The Strangest Thing Happened To Us In This Nevada Desert Town

I fired a look over in the direction of the flatulence and saw a well-greased old prospector in a straw cowboy hat that was literally falling apart on his bald head. He slunk back into his chair with a slight grin and started forking at some wet pancakes.

“Just have a seat. Char’s gone,” a friendly voice called out from the middle of the dining area where a guy with a snow white push broom mustache wearing a Canadian tuxedo coated with dust was nursing a cup of coffee.

“Thanks,” I said in the most non-bitchy tone that I could summon at the moment and then immediately whispered at Kyle. “Should we just go?”

“Are you kidding me? This is great.”

I knew Kyle was going to say that. He had that obnoxious hipster crumbling Americana fetish thing where he relished bars full of borderline homeless people, thrift shop t-shirts and the fact that he could pack all of his possessions into his 1994 RAV4, even at the age of 31.

“But seriously, there is probably going to be like babies in the food, and they don’t even have a waitress.”

Right on cue, the odor of musty smokes replaced the lingering stench of hot fart and a nearly-elderly woman with a bun of salty black hair who sounded and looked like she had been smoking a pack a day since she was 12 walked past us with an announcement.

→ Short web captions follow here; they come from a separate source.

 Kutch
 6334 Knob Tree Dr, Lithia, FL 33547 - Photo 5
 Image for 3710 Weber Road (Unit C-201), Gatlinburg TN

“Sit anywhere you like. Menus are on the table.”

Kyle led me through the graveyard of vacant tables until he settled on a little two-seater near where the old man with the mustache who had first spoken to us had been before he had vanished like some kind of truck stop ghost in an old CB radio song from the 70s. We took seats across from each other and the immediate presence of Kyle’s smile actually put my at ease in a place that seemingly should have never elicited looks of joy from someone with more than three years left on their lifespan.

“I gotta take a piss,” Kyle announced and took off towards the entrance.

I numbly scanned the laminated menu with razor sharp corners as soon as Kyle left while being mad at myself for leaving my phone in the car.